Before the sale, Morgan entered into a series of Son of BOSS tax shelter transactions to inflate UTA Management's outside basis in UTAM. In the end, Morgan raised UTA Management's outside basis in the partnership by nearly $38 million. UTAM later closed the sale by buying Treasury notes for slightly more than $38 million, resulting in an overall loss to UTAM from the transaction.
The sale of UTAM closed on Oct. 19,’99. The tax consequences of the sale were reflected on UTA Management's’99 return, filed on Aug. 15, 2000. As a result of the tax shelter transactions, UTA Management claimed an overall loss of approximately $13 million. Morgan filed his’99 individual return on Oct. 16, 2000, claiming the flow-through loss from the sale.
On Oct. 13, 2006, IRS mailed an FPAA to UTAM's TMP pertaining to UTAM's’99 tax year in which it adjusted UTAM's outside partnership basis to zero on the ground that the transactions lacked economic substance. IRS also found that UTAM was itself a sham, existing solely for tax avoidance purposes.
UTAM's TMP filed a timely petition for readjustment of partnership items with the Tax Court. UTAM argued, among other things, that IRS's adjustments were barred by the general three-year limitation period for tax assessments in Code Sec. 6501(a).
Tax Court's decision. The Tax Court held that IRS's FPAA was untimely issued outside Code Sec. 6501’s three-year assessment period, and that an overstatement of basis didn't constitute an income omission and thus couldn't trigger Code Sec. 6501(e)(1)(A)’s extended six-year period.
Tax Court reversed on appeal. The Court of Appeals for the District of Columbia Circuit reversed the Tax Court, finding that Code Sec. 6501(e)(1)(A)’s six-year period can be triggered by an overstatement resulting from an overstatement of basis. In so holding, the Court validated IRS regs to that effect and widened an existing split in the Circuits. (see ¶1)

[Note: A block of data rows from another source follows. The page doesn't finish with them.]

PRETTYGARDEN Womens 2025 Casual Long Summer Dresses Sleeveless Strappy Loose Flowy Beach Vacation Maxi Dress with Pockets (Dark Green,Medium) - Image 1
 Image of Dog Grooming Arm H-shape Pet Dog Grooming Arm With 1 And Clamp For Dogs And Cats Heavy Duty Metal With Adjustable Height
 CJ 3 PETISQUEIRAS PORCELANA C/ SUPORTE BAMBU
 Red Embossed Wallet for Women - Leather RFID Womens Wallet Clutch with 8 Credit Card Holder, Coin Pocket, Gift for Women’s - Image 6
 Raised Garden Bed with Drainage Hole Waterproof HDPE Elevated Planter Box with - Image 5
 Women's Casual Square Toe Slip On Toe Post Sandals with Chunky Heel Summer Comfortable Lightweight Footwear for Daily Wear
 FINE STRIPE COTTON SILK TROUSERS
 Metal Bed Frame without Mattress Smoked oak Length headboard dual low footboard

The Court also addressed another argument raised by UTAM that was not considered by the Tax Court—namely, whether IRS's mailing of an FPAA tolls an individual partner's limitation period under Code Sec. 6501.

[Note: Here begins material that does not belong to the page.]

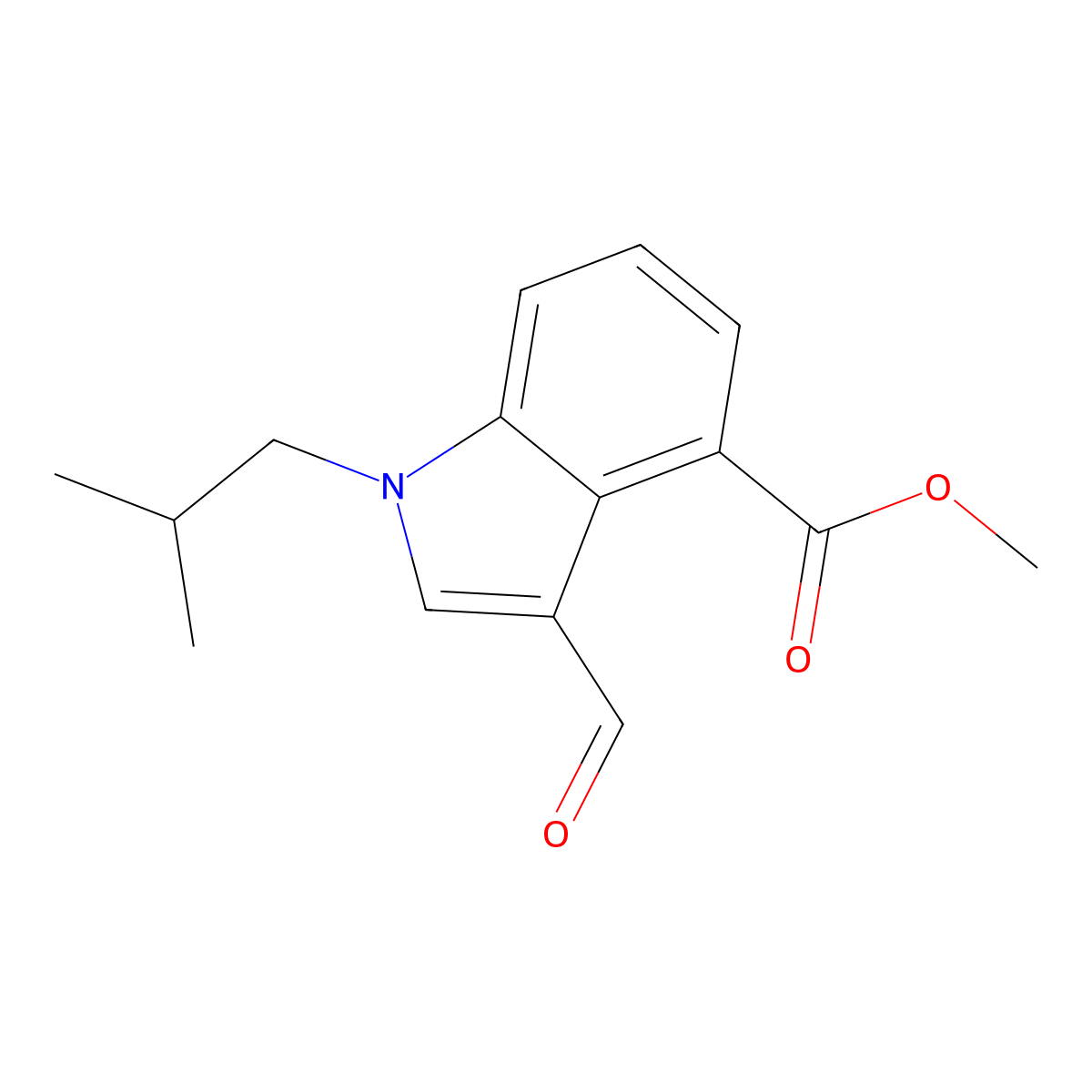 Methyl 3-formyl-1-isobutyl-indole-4-carboxylate molecular structure, CAS 1040631-41-1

Although this issue wasn't considered by the Tax Court in its underlying UTAM opinion, the Tax Court had clearly stated its position in Rhone-Poulenc, (2000) 114 TC 533. In that case, the Tax Court held that Code Sec. 6229(d) does suspend the running of an individual partner's Code Sec. 6501 limitations period if that period is open on the date that IRS mailed the FPAA. Since Morgan's Code Sec. 6501 period was open when IRS mailed the FPAA, the Circuit Court decided that a remand on this issue would be futile, and it agreed with the Tax Court's position on the issue.
Referencing its earlier opinion in Andantech, LLC v. Commissioner, (CA DC 2003) 91 AFTR 2d 2003-2623, the Circuit Court stated that the “period for assessing any tax” specified in Code Sec. 6229(a) referred to a partner's generally applicable assessment period since partnerships aren't taxed. Since Morgan's period was six years, the FPAA was issued while his period was still running.
The Court stated that Code Sec. 6229(a) doesn't provide the maximum period for assessments—rather, it sets forth a minimum period for IRS to take action, and if UTAM's argument were accepted, the minimum period would effectively be converted to a limitations period. Thus, the Court concluded that the assessment period which is suspended under Code Sec. 6229(d) is the partner's open assessment period under Code Sec. 6501.
References: For earliest termination date for assessment period for partnership items, see FTC 2d/FIN ¶T-4018; United States Tax Reporter ¶62,294; TaxDesk ¶838,003; TG ¶70431.